116
Torii Kiyonaga
Beauties Viewing Cherryblossoms
1784

Signed: Kiyonaga ga; ōban diptych, 39.0 x 52.0 cm; nishiki-e with karazuri, shōmenzuri and gomazuri

From “Fashionable Eastern Brocade”. Early coloured woodblock prints like this masterpiece by Kiyonaga were called nishiki-e (“brocade pictures”) because of their vivid colours. Edo was located in Eastern Japan, thus a poetic expression for the east – “azuma” – was combined with “nishiki”, in order to indicate that these were products from Edo: “Eastern brocade”. Since the clothing and patterns of the kimono in ukiyo-e played an important role, the term for this luxurious material was then applied to woodblock prints.

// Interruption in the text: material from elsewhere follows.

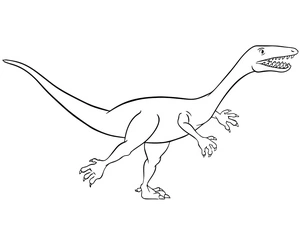 Página para Colorir Dinossauro Coelophysis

Provenance: Louis Gonse (Hotel Drouot, Paris); Dorothy Bess, Ashville, N.C.; N. Chaikin, Tolochenaz (June 1967)
Riese Collection #58

This gorgeous and stately print is one of the masterpieces from Kiyonaga’s famous series of “Eastern Brocade”. Because of their brilliant colour, the early full colour woodblock prints were called nishiki-e, or “brocade pictures”. Edo was in eastern Japan, and a poetic word for East, Azuma, was linked with nishiki to suggest that woodblock prints were a product of Edo: Eastern Brocade. Since clothing and kimono patterns were so important in woodblock prints, it was appropriate that the word for the material should be used to describe them.
  Complete impressions of this diptych are presently in Chicago, New York, the Louvre, and in the Vever collection. Pirano’s description of the subject differs somewhat from this impression: The kimono of the woman lighting a pipe is reddish-purple in her description, not grey as here, and she describes the sash of the woman standing upright in the left panel as being red, not yellow. Whatever the explanation for these minor differences, these impressions are remarkably early, fresh, and fine.

Reproduced in: Riese, Asiatische Studien, 1972, p. 93, no. 17.